Will I ever learn not to lose my keys, my wallet, my phone?

Key on pink fluffy keyring
‘The part of my mind that logs crucial information, such as where I put my keys, is absent.’ Photograph: Getty Images

Lesson 42: being organised

I lose things. I’m a chronic misplacer; the part of my mind that logs crucial information, such as where I put my keys, is absent. If they make my last words my epitaph, it will simply read: “Has anyone seen my phone?”

To organised people, the keepers of things, I’m an aberration. I think the keepers look at people like me, the losers, and think we must be living in a 24-hour music video and simply cannot be bothered, amid our cocktails and cascade of well-oiled butts, to organise things. They think it’s a matter of disrespect, that we assume someone else will pick up the pieces.

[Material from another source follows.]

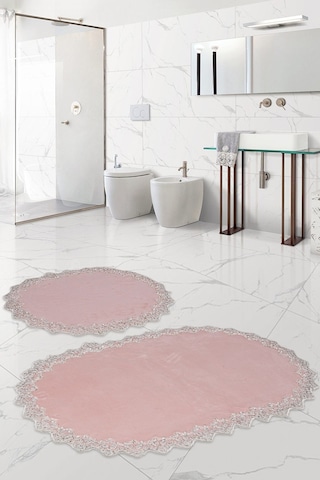 Bonny Home Venüs Pudra 2'li Dantelli Banyo Paspası Seti Çeyizlik Pudra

Far from it. I’ve developed strategies to cope. I buy multiples (I have four phone-chargers: home, office, handbag, spare). I don’t own anything expensive. But the system is not foolproof and things go awry. My punishment? Death by jobsworth.

At my gym, if you lose your pass you have to personally ask the manager for a replacement. The third time, he gave me stick, tutting and sighing. The fourth time, I offered to pay. “Silly girl,” he said. The fifth, I cancelled my membership. I thought it a better option than going postal in the gym, applying protein powder to my face like warpaint and lobbing Swiss balls at him.

Jobsworths are my kryptonite, a powerful nemesis. They make me defeat myself. They push, push, push – a snark here, a patronising comment there – until the rageful demon that lives within me takes control. Black eels shoot out of my eyes, thunder from my fingertips. At that point, I’ve lost.

And real adults know there is no sense in arguing. Short of a brain transplant making me better organised, I must learn to take my punishment; to eat humble pie. Ah, the bitter taste of peace.